Enfin, autre lien, même affection, ils ont été auteurs de pièces de théâtre, parmi les plus magistrales. Ils ont abordé et exploré notamment une question fondamentale, existentielle, celle de l’absurde, qui commence dans cette impression de vide devant la vie, sa monotonie, ses répétitions sans fin et sans but, son achèvement triste. Camus en déroule les séquences, elles sont communes à tous, sous des formes diverses : « lever, tramway, quatre heures de bureau ou d’usine, repas, tramway, quatre heures de travail, repas, sommeil, et lundi, mardi, mercredi, jeudi, vendredi sur le même rythme ». En écho, l’attente indéfinie d’Estragon, un des deux vagabonds de En attendant Godot. L’absurde, mot dont l’origine latine rappelle qu’il signifierait « discordant, inaudible, qui va contre la logique », est là. Comment et où trouver un sens à l’existence, comment et avec qui communiquer, comment et jusqu’où user de sa liberté ? Leur vrai point de rencontre alors se situerait autour de cela. On pense tour à tour à Clov et Kaliayef !

  

Sous l’éclairage de Catherine Naugrette, ancienne élève de l’École normale supérieure, agrégée de lettres modernes et docteur en études théâtrales, Beckett, qui n’aimait pas les interviews, qui n’avait pas été recevoir son Nobel et dont Jérôme Lindon qui l’avait édité soulignait la discrétion et la modestie, se révèle sous des facettes nouvelles. Grâce à sa remarquable analyse, on mesure combien ce théâtre « se construit et oscille en permanence entre un deuxième et un troisième degré ». Derrière ce qu’elle intitule « une esthétique de la pénurie », c’est la force des mots, détournés,  qui occupe la scène ou plutôt le vide qui y règne et la disparition des repères habituels.

Pour sa part, Hélène Mauler, titulaire d’un DESS en traduction littéraire, diplômée de l’Institut d’études politiques de Strasbourg, passionnée de langues, plus particulièrement germaniques, retrace le parcours multiple de Camus, qui voulait, selon ses mots, « exprimer la négation. Sous trois formes.
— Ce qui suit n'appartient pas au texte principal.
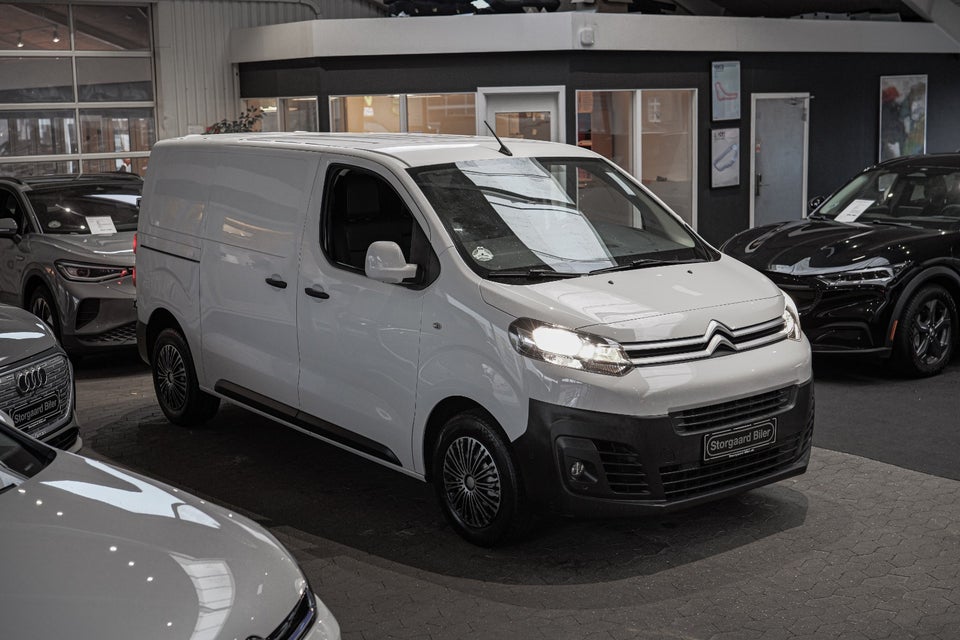 Citroën Jumpy 2,0 BlueHDi 120 L2N2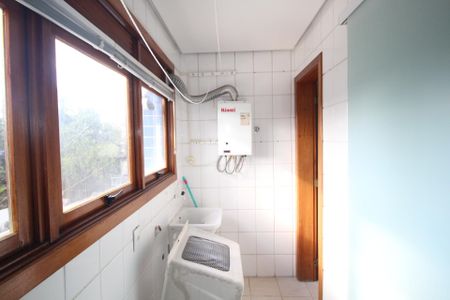 Apartamento à venda com 101m², 3 quartos e 2 vagasÁrea de Serviço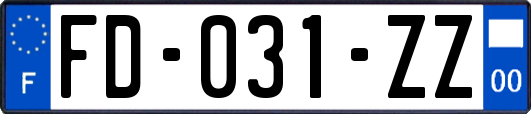 FD-031-ZZ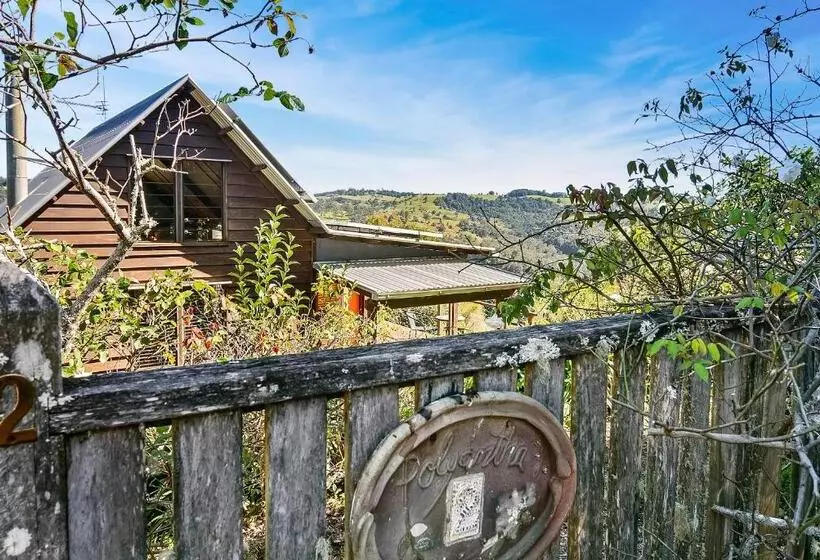 Aamiaismajoitus (B&B) Rosebrook Cottages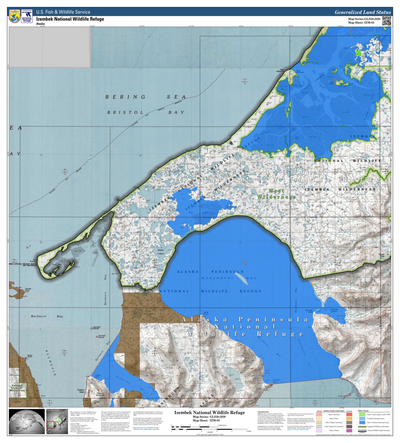 Izembek NWR (IZM-03 - #3 of 5) Preview 1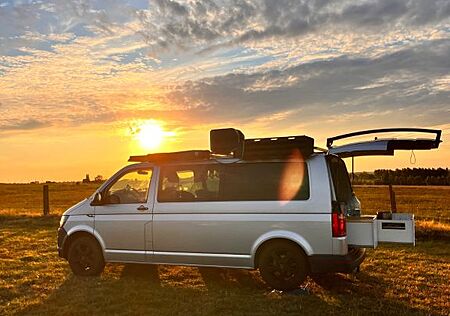 VW T6 Caravelle Volkswagen T6 Camper - langer Radstand - Camper - Bulli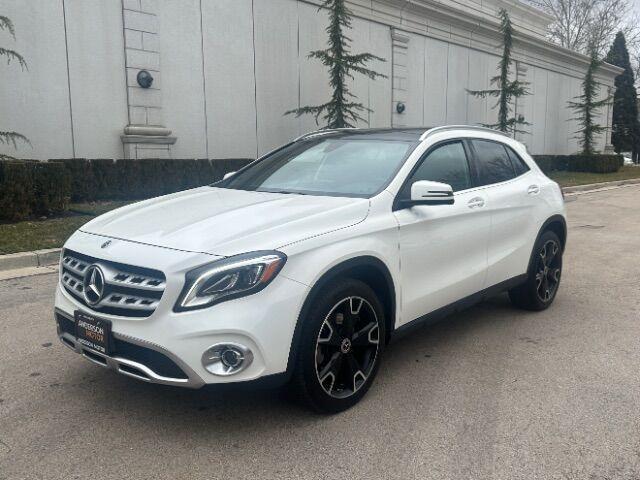 used 2019 Mercedes-Benz GLA 250 car, priced at $18,950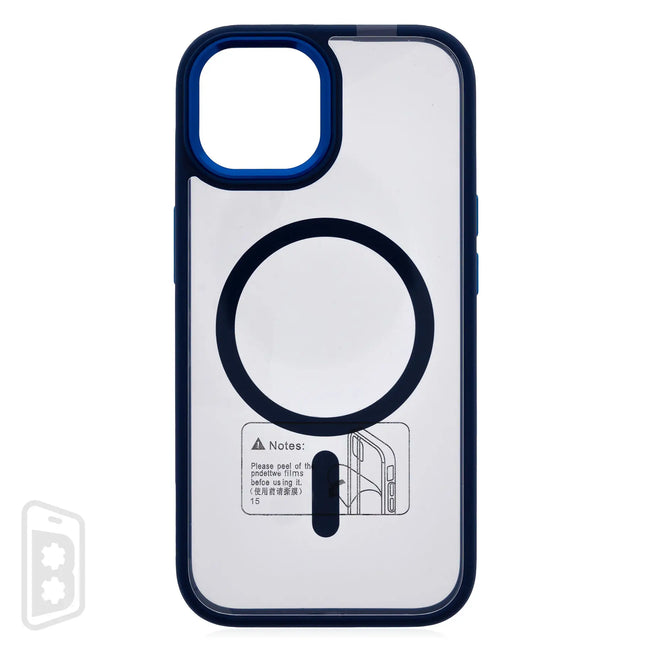 MagSafe Metallic Bezel Bumper - iPhone 15 Series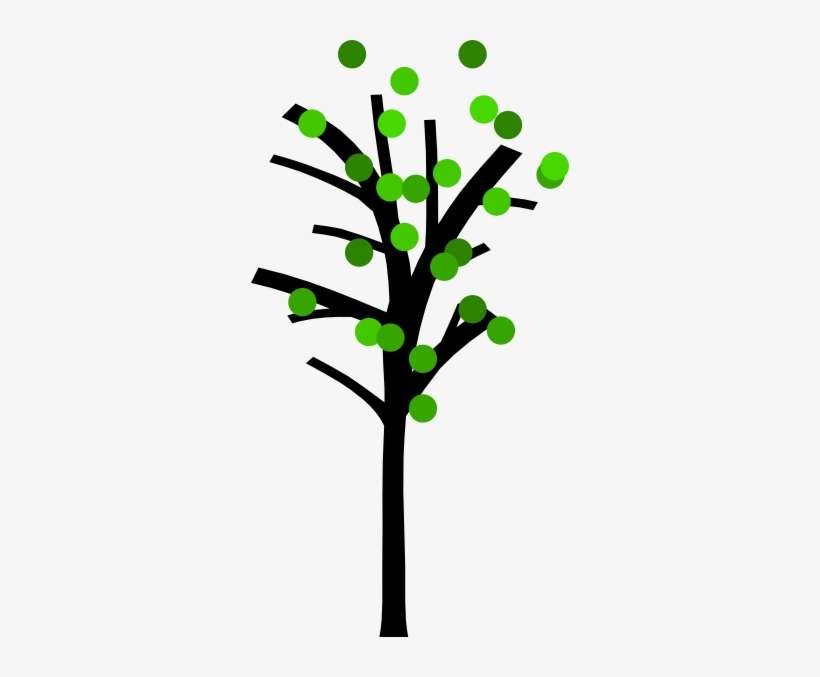 Tree Branches Clip Art - Clip Art, transparent png download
Romanesque…dramatique…idéologique ». Ce texte brillant et dense permet de suivre le travail créateur, l’engagement politique, les relations notamment avec Sartre ou Barrault, en somme « cette vision solidaire de Camus, qui prône le dialogue comme un antidote au silence ». Entre les mots comme « entre soi et le monde » s’installe, chez Camus et chez Beckett, « cette petite distance qui ouvre à l’imaginaire ». Ces deux livres le montrent une nouvelle fois.

Dominique Vergnon

Hélène Mauler, Albert Camus, éditions Ides et Calendes, collection Le Théâtre de ****, 128 pages, 10 euros

Catherine Naugrette, Samuel Beckett, éditions Ides et Calendes, collection Le Théâtre de ****, 128 pages, 12x19 cm, 10 euros.